That's a winning hand Bill. Thanks.


----------



## Herald (Apr 22, 2008)

Brother Bob, our great and wonderful God is the dealer. We simply get to admire His handiwork. Blessed be the name of the Lord.


----------



## ericfromcowtown (Apr 22, 2008)

I'm assuming that I'm not the only one who is disgusted by the whole "Earth Day" nonsense.

I agree whole-heartedly that we can admire the greatness of our God in his creation, and that we have to take our stewardship role seriously, but the "Earth Day" crowd often confuses creation with its creator and flirts with paganism and pantheism. Here in Calgary, the United Church is hosting a "Gaia Mass" tonight in celebration of "Earth Day." Yet another example of how low the United Church has sunk and another example of subtle or not so-subtle paganism in our culture. 

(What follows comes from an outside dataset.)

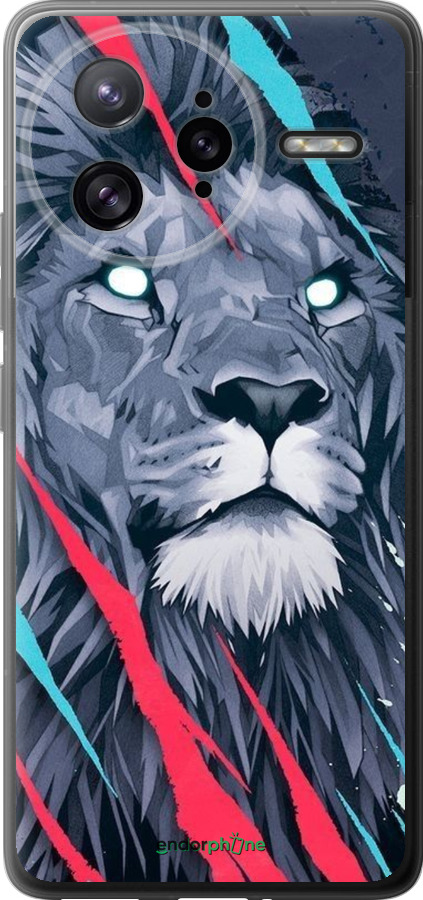 Силиконовый чехол № 5343 для Xiaomi Redmi K80 Pro - 5343u-4145 изображение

For those not familiar with the Gaia hypothesis:
Gaia hypothesis - Wikipedia, the free encyclopedia


----------



## DTK (Apr 22, 2008)

ericfromcowtown said:


> I'm assuming that I'm not the only one who is disgusted by the whole "Earth Day" nonsense.


In light of your post, maybe I shouldn't make light of "Earth Day," but I took the occasion to declare it to be a holiday and postponed mowing my lawn until tomorrow. 

DTK


----------